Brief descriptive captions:
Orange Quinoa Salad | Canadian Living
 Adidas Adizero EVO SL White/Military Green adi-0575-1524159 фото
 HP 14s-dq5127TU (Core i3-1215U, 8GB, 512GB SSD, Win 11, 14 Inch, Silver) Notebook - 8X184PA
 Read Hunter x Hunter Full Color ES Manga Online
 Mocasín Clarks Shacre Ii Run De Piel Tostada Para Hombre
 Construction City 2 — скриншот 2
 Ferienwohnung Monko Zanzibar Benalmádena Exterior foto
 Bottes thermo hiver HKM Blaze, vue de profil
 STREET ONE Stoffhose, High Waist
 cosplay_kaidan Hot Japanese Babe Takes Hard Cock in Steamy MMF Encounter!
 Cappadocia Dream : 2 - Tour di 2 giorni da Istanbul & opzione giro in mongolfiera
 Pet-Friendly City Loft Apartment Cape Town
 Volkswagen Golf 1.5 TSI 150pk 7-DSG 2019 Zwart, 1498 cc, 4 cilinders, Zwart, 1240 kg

• WORK INSTRUCTIONS
Check each line above for the word "City", and copy the lines where it appears.

• EXERCISE ANSWER
 Construction City 2 — скриншот 2
 Pet-Friendly City Loft Apartment Cape Town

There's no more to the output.